En el monte los campesinos recolectan frutos. En la ciudad los recicladores juntan cartón y latas, que venderán para conseguir alimento. Cambian los medios, sin embargo el fin es el mismo.

Un rebelde al moralismo barato de su época dijo: ¨quién esté libre de pecado que arroje la primera piedra¨. Intentando con tal discurso salvarle la vida a una prostituta de las manos de sus propios clientes. Ella se salvó, y él por acumular sensatez y bondad fue crucificado.

¿Por qué creemos que ciertos empleos son más honrados que otros? ¿Por qué desmerecemos el mérito ajeno?

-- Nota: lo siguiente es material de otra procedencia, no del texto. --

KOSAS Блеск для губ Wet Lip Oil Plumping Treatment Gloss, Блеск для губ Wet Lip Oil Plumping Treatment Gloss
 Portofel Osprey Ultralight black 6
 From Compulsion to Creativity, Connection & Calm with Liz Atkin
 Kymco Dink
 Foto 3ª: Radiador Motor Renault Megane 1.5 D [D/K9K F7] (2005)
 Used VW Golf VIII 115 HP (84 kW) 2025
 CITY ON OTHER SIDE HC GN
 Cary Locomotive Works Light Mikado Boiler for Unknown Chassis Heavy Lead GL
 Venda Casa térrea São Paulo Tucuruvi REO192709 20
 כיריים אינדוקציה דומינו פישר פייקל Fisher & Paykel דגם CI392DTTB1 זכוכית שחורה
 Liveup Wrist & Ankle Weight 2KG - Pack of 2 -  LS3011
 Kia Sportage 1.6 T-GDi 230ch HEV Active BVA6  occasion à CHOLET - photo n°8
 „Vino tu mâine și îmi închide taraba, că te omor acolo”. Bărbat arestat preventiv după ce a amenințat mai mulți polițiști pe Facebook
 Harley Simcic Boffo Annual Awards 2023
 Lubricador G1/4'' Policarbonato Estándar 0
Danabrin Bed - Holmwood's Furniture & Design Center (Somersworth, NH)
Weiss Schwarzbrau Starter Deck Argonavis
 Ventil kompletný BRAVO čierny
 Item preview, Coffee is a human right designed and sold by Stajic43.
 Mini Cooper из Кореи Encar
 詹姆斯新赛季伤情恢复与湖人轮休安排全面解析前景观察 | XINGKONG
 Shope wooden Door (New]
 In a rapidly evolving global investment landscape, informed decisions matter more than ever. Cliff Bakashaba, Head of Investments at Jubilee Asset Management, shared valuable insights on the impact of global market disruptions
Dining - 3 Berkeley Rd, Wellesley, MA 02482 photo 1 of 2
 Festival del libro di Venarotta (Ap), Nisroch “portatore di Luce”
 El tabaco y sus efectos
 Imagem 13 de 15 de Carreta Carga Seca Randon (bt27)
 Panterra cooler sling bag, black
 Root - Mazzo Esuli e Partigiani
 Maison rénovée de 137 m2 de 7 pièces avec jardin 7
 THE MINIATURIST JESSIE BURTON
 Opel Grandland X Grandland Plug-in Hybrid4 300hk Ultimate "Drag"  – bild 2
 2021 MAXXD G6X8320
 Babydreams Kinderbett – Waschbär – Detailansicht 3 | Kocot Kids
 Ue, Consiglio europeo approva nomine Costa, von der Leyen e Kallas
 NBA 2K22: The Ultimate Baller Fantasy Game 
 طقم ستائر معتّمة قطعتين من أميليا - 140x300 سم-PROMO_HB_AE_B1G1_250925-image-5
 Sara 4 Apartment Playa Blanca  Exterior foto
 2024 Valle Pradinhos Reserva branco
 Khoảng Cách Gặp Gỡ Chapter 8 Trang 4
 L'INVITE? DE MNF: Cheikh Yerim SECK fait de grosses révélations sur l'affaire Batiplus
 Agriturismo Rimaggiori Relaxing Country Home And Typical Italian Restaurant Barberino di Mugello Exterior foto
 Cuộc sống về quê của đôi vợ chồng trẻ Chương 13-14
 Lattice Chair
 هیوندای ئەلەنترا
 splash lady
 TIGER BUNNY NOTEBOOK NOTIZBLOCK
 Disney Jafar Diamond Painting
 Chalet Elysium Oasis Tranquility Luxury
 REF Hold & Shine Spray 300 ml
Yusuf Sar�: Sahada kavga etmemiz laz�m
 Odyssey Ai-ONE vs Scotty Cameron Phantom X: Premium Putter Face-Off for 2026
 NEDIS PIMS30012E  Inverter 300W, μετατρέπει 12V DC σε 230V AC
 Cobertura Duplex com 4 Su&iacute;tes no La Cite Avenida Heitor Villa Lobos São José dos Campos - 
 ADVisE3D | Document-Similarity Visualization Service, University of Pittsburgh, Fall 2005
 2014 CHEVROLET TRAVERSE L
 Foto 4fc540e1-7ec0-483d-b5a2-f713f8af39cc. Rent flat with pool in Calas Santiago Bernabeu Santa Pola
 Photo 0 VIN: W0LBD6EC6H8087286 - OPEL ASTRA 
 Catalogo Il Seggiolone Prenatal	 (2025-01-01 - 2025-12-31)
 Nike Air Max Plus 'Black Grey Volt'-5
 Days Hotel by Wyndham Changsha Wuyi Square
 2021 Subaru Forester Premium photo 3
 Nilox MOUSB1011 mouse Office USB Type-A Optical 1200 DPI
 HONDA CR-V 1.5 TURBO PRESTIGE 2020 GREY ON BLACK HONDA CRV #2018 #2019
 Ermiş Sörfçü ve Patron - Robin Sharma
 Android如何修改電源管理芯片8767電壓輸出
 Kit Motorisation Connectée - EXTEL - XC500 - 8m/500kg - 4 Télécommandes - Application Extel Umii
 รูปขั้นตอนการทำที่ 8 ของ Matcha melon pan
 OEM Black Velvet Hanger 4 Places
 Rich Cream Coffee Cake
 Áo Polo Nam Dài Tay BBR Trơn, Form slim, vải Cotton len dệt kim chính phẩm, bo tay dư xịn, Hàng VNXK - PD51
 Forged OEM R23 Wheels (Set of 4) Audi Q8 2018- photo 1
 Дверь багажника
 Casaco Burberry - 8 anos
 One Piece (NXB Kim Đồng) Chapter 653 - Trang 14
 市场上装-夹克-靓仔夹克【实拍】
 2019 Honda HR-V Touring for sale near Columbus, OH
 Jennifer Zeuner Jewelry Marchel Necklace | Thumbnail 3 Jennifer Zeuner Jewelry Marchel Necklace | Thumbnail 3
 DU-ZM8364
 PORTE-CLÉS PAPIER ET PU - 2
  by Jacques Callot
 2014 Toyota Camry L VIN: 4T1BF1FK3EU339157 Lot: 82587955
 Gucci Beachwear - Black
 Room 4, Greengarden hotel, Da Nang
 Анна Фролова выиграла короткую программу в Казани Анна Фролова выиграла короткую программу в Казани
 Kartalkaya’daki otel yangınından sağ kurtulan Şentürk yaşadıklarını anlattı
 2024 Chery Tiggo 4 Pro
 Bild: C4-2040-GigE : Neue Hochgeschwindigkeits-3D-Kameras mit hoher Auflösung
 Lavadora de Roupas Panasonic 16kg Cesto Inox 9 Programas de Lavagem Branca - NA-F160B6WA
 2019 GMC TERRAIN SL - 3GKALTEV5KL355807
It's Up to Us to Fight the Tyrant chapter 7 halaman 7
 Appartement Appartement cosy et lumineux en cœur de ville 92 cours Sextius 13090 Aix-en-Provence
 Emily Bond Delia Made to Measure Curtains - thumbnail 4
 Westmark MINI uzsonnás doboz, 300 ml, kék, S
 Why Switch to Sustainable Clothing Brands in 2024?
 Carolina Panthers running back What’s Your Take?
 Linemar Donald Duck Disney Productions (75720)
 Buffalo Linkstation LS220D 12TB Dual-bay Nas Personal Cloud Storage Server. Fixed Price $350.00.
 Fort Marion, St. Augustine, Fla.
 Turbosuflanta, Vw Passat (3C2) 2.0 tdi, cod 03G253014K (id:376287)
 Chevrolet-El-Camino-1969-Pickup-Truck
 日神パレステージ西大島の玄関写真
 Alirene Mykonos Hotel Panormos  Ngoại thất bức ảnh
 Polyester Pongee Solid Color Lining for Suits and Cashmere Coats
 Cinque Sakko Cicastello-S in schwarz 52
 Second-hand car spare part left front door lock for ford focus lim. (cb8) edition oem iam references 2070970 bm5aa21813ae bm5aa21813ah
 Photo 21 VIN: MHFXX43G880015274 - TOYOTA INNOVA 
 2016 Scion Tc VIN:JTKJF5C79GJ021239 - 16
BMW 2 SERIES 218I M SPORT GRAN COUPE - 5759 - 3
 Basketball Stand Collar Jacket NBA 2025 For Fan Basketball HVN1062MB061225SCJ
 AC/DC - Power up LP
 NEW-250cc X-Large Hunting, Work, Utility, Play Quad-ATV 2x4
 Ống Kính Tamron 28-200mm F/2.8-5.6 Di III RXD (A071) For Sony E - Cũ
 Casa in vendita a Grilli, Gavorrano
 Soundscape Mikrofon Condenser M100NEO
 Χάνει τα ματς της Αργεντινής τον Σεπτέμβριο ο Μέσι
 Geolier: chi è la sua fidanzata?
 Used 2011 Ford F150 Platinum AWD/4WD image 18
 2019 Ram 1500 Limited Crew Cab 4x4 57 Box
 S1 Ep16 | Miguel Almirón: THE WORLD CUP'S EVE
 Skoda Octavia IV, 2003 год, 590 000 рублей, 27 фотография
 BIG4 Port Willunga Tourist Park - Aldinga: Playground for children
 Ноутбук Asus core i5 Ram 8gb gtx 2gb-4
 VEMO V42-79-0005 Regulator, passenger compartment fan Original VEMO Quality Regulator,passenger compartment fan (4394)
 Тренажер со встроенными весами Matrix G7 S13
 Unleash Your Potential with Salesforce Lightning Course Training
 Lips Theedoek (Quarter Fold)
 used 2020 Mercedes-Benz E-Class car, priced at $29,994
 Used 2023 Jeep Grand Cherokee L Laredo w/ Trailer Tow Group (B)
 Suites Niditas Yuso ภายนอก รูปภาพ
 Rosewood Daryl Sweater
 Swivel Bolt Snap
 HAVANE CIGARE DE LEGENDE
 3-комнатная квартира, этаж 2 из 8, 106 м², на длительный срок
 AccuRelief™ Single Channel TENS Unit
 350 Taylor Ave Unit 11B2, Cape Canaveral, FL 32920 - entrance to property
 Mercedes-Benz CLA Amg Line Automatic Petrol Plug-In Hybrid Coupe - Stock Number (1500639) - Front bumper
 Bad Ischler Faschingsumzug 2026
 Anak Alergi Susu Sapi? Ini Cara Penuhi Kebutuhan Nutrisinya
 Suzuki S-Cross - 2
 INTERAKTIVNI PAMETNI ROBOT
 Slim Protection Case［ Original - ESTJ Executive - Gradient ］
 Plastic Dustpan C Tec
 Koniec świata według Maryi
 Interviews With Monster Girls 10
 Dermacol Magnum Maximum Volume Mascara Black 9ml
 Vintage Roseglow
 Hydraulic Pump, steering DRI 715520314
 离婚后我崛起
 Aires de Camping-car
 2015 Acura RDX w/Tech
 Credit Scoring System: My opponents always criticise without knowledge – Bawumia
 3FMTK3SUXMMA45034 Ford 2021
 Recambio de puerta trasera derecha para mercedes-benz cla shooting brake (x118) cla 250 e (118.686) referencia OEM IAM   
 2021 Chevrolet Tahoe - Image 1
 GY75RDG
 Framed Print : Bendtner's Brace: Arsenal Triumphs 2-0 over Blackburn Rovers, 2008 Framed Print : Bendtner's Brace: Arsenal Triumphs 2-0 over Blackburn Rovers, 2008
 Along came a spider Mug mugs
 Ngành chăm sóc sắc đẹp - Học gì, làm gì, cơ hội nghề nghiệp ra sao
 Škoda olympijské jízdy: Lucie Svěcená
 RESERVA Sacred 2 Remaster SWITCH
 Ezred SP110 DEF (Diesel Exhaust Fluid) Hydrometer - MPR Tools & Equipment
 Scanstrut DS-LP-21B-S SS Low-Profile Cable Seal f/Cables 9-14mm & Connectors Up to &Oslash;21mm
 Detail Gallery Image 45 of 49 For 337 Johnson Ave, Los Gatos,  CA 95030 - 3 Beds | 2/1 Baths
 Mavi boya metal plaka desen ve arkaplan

Un maestro estará desempleado sin alumnos y un médico no sirve de nada sin enfermos.
Un arquitecto puede diseñar el mejor hospital del mundo, pero si no consigue quien una y levante los ladrillos, esos planos valdrán lo mismo que un papel en blanco.

No existe mejor ni peor, fuerte ni débil. Todos complementamos la debilidad ajena, siendo ellos quienes nos complementan en aquello donde no encontramos fortaleza.

Puede ser que un día entablemos amistad con algún personaje marginal y al día siguiente con un respetado sacerdote. Puede ser que un día conversemos con un delincuente y esa misma noche cenemos en la casa de un político. De cada uno de ellos hemos aprendido algo. Escuchando sus puntos de vista, al ver sus actitudes y formas de realizar las tareas cotidianas nos dejaron alguna enseñanza. Ese compartir, ese dar y recibir, es la esencia de nuestra naturaleza, que permite el desarrollo de aquellos que se abren sin miedo, a la interacción. Creando, desde un almuerzo o una simple charla, un lazo de conexión fehaciente, capaz de generar nuevos conceptos sobre religión, política, historia, o cualquier disciplina o práctica imaginada.

Cada persona es un mundo, pero si esos mundos no se tocan los unos a los otros, la máxima "ama a tu prójimo" queda disminuida a una utopía. No se puede amar aquello que se desconoce.
Para abrir esas puertas de la percepción no es necesario viajar a la otra punta del mundo, ni tomar un ácido con la cara del doctor Hoffmann. Es imprescindible perder el miedo a lo desconocido, cayendo en cuanta que en verdad se teme porque se desconoce y por conservar viejos conceptos absorbidos por la televisión, los moralismos hipócritas y una política humana basada en la competitividad y la desintegración.
Hay que tener en cuenta que muchas veces, eso que rechazamos en los otros, también habita dentro nuestro, y la autocrítica debemos ponerla en práctica cada día.

Vania Costa vendía algodones de azúcar y molinos de plástico en las plazas y en los festivales. Quizás ella moraba en un almacén de porquerías; no vestía con ropa nueva; adentro suyo había muchas carencias y su bolsillo estaba más flaco que las piernas de un flamenco. Sin embargo, su corazón era grande, y buscaba amor, y después de todo, eso, es lo más importante.